Mr Justice Michael Green rejected any suggestion that following Allianz Global Investors GmbH and Ors. v RSA Insurance Group Limited [2021] EWHC 2950 (Ch) ; Various Claimants v G4S Limited (formerly G4S PLC) and Various Claimants v Serco Group plc [2022] EWHC 2052 (Ch), there was now an orthodox position that the issue of reliance should be hived off to trial 2.  Although the claimants were required to progress some of the Claimant-side issues, those decisions have been widely perceived to be Claimant-friendly, as trial 1 would focus almost exclusively on the Defendant’s alleged wrongdoing, with scrutiny of Claimant-side issues deferred to trial 2. The Judge’s view was in part informed by the fact that cases have not gone to trial or a concluded trial and there is an absence of evidence, therefore, as to whether any previous case management decisions have been proven to have worked (see [18]).

The Judge held that the starting point “should be, like in most other forms of litigation, that, save perhaps in respect of quantum, the parties should expect to have all aspects of the claim tried at a first trial” (at [44]).  Therefore, where reliance can be dealt with at Trial 1, and it is reasonable for the parties to be ready to do so, that that should be the norm (see [45]).

The Judge rejected some of the usual arguments including that there is an overlap between the issues of reliance and causation such that they should be heard together as part of trial 2. He acknowledged that there is an overlap between those issues but held that the overlapping issues would need to be heard as part of trial 1 and the remaining issues of causation will be shaped by the outcome of trial 1 (see [37]).

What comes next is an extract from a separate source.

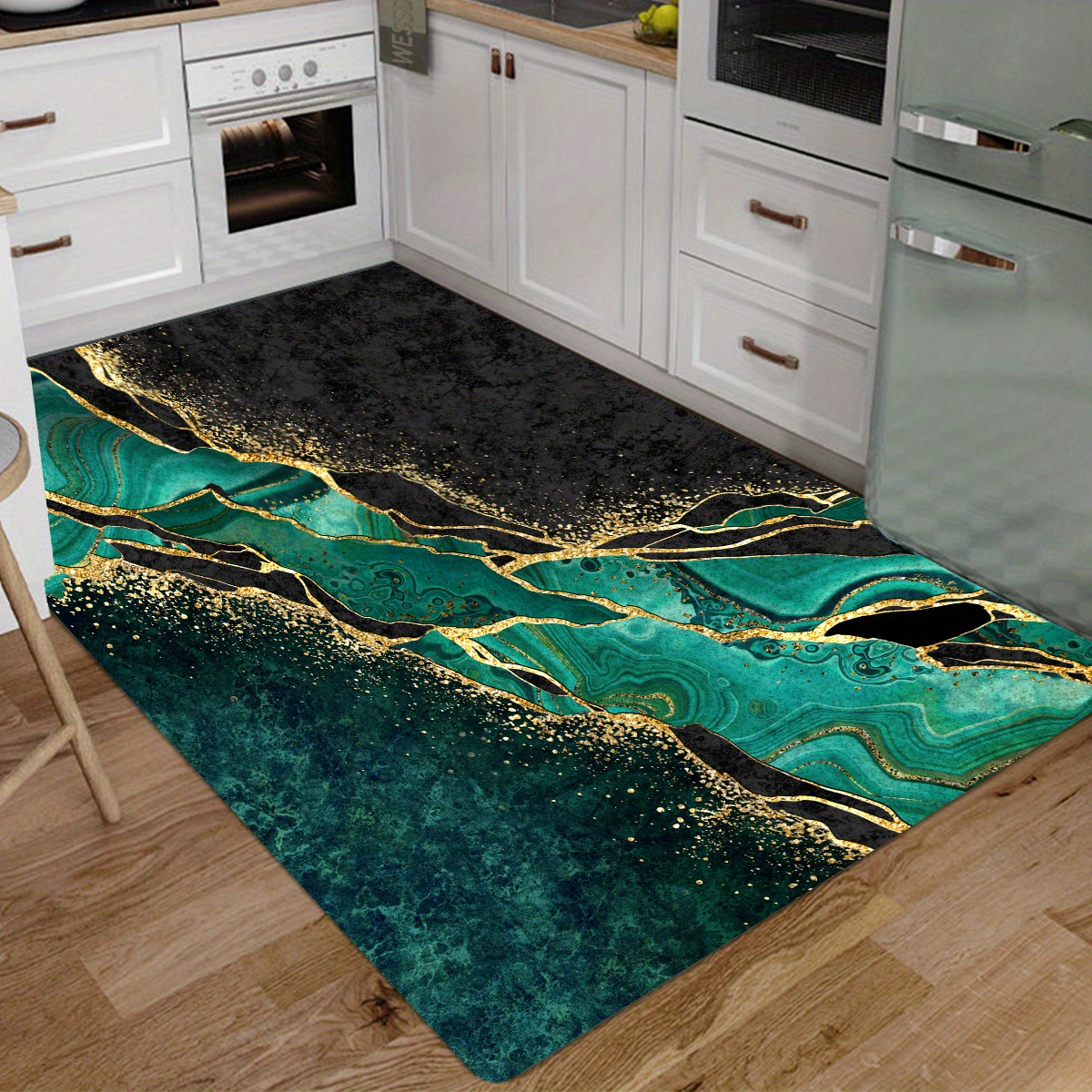 1pc Blue Marble Printed Polyester Non-slip Kitchen Floor Mat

Accordingly, the Judge directed that the reliance issues should be tried at trial 1 along with the Claimants’ standing and the Defendant-side issues.

Discussion

Some key points to take away:

  1. The decision highlights that where more issues can be accommodated at a first trial, it is likely that the Court will favour accommodating them even if there are principled arguments – such as the overlap between the issues of causation and reliance, potential costs savings and the problem of potential appeals – about deferring certain claimant-side issues until after a determination issue on liability.
  2. The Judge was partly influenced by the fact that this claim is considerably smaller than other s90A claims, such as Investors in Barclays v Barclays plc [2024] EWHC 2124 (Ch D) and Various Claimants v Standard Chartered plc [2024] EWHC 1108 (Ch), both of which included reliance or a part of the reliance issue in Trial 1 (see [44]).
  3. Therefore, parties should expect to prepare for CMCs having in mind that (i) the court is not going to be overly influenced by where the case management split has been set in previous decisions; (ii) at present, there is no presumed approach to splits; and (iii) the court will have in mind the desire to accommodate as many issues into trial 1 as possible.
  4. In particularly large cases, the approach focusing primarily on the Defendant-side issues at trial 1, as per RSA/G4S/Serco, may still be the preferred approach.